The promise of that season, and some of the signings made, would soon be fulfilled.
The dawn of the 1990s saw Alex Ferguson collect his first silverware as Manchester United manager, and Liverpool winning their last League title with an ageing team. The tide was turning…
Ferguson’s first FA Cup, achieved after a replay against Crystal Palace, at the time seemed to be a stand-alone success, one that possibly saved his job after another poor season in the League. But nine years later, it seemed that Lee Martin‘s winning goal against Palace lit the fuse for an explosion of unprecedented success.
First and foremost, winning the FA Cup in 1990 allowed United to make a return to European competition after an absence of five years following the Heysel disaster. Far from being rusty, the Reds went all the way to the final of the European Cup Winners’ Cup in Rotterdam where the opponents were Barcelona, the former club of United striker Mark Hughes. Two goals by Hughes sealed the match 2-1 in the English side’s favour in May 1991, 23 years after the club’s previous triumph in Europe.
The other long wait, for that elusive League championship, very nearly ended in 1992. The Reds had already won the manager’s third trophy in March, the League Cup, and were in a two-horse race with Leeds. Liverpool were out of the running, but still had a say in the destiny of the title, beating United 2-0 at Anfield to end their arch rivals’ challenge.
The 1991/92 title would be remembered in Manchester as the title that United lost, rather than the one that Leeds actually won. Leeds, after all, were not the greatest of football powers in the 1990s and their star quality was further reduced when they allowed one of their best players to cross the Pennines in December 1992.
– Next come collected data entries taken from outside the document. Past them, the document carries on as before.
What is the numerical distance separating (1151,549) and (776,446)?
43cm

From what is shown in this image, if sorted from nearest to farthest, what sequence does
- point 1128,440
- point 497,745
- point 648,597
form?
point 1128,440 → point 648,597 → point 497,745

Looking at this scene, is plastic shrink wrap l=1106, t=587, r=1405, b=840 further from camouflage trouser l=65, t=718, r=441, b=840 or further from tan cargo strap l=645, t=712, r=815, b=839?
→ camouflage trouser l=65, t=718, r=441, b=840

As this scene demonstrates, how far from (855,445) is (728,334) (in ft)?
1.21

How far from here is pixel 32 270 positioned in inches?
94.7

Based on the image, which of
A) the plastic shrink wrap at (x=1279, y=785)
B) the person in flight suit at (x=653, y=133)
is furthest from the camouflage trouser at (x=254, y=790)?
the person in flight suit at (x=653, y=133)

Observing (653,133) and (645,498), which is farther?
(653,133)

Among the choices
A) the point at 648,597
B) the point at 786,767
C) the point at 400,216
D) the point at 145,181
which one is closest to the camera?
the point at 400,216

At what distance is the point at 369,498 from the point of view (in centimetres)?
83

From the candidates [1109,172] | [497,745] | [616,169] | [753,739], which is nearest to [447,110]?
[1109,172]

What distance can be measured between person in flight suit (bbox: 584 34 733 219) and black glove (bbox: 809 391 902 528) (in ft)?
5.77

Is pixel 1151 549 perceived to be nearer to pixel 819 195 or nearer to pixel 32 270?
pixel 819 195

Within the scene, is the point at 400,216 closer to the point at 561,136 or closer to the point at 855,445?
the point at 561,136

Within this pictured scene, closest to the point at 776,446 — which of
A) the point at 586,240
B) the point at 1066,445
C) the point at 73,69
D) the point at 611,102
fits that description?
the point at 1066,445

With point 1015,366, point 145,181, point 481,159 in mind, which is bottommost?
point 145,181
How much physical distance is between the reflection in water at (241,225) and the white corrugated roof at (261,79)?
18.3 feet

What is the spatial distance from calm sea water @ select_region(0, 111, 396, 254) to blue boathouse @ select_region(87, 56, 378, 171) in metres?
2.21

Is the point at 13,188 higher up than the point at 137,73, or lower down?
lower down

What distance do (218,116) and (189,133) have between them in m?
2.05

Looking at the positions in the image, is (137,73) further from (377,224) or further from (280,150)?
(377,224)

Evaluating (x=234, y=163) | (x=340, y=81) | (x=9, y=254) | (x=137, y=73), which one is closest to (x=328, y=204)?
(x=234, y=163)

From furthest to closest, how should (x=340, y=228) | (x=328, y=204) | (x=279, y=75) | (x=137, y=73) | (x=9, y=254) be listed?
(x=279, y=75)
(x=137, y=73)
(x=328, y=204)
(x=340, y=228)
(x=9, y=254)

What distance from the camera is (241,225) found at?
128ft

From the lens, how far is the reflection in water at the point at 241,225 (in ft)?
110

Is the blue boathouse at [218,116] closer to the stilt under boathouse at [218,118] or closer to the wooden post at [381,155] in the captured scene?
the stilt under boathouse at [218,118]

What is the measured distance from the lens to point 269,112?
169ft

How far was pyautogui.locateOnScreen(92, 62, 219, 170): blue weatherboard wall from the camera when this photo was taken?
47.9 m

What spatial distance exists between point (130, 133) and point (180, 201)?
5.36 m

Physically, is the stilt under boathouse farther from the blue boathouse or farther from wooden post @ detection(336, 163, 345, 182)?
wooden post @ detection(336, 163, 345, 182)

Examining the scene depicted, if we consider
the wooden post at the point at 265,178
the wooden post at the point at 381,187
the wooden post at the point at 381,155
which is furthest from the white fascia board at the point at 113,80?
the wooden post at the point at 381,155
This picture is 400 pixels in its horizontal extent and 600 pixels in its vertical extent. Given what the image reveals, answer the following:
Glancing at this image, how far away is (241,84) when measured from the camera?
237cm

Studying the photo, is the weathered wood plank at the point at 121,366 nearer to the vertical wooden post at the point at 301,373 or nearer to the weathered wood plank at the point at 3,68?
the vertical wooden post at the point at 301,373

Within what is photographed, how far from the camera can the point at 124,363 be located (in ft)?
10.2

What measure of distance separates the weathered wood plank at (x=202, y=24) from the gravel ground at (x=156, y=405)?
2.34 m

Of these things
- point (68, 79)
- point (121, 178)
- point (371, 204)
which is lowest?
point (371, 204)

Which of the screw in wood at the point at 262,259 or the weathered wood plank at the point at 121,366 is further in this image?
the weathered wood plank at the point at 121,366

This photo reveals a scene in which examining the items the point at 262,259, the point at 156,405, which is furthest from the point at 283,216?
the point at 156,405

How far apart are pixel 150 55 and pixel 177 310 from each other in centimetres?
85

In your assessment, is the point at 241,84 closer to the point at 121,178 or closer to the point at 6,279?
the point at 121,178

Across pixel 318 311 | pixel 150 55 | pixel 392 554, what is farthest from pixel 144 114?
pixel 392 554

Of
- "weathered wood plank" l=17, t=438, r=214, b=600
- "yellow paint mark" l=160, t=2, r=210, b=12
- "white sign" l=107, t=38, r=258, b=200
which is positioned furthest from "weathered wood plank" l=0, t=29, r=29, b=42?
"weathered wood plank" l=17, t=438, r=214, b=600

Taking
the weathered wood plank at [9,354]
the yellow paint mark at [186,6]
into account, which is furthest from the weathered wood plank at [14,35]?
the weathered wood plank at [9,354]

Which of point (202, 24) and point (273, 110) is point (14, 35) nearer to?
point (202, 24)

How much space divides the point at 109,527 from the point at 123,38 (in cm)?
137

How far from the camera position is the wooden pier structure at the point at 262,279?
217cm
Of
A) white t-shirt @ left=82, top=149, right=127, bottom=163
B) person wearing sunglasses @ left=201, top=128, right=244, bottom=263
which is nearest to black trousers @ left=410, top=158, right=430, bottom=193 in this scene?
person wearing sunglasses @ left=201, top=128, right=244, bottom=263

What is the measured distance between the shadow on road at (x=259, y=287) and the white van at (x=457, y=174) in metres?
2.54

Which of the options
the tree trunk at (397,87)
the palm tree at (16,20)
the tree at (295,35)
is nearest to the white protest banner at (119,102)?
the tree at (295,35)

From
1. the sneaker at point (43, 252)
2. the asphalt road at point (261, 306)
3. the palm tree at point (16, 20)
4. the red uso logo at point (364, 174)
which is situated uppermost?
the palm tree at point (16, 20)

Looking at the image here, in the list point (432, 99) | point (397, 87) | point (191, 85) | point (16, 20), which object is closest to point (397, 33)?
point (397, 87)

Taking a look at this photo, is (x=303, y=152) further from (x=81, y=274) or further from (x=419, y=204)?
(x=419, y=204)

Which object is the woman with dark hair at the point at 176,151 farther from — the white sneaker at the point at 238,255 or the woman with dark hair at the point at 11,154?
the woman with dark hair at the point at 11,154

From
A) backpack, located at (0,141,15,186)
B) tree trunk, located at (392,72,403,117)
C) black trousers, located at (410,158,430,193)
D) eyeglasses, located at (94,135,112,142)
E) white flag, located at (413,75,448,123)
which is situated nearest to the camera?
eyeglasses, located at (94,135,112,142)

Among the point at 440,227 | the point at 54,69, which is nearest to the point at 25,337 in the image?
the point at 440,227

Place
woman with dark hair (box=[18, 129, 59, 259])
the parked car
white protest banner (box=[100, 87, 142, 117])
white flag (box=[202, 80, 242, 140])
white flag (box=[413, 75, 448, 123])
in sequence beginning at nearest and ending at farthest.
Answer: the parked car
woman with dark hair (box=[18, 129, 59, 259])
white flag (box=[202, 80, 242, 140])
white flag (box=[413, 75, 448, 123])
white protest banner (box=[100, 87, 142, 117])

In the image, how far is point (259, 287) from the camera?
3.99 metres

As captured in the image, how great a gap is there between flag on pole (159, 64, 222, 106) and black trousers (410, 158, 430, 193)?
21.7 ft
In selling Eric Cantona to Old Trafford, the Yorkshire club practically handed over the keys to the League championship. The Frenchman brought the little extra bit of magic and confidence that had been missing from United’s previous campaigns and was an instant hit with the Mancunian faithful, scoring nine goals to help the Reds win their first title in 26 years.
In the following season, 1993/94, the team virtually picked itself en route to an historic League and FA Cup Double, with Cantona sporting the number seven shirt that had been Bryan Robson’s property for so long. The number one, meanwhile, was undoubtedly Peter Schmeichel, arguably the best goalkeeper ever seen in the English game.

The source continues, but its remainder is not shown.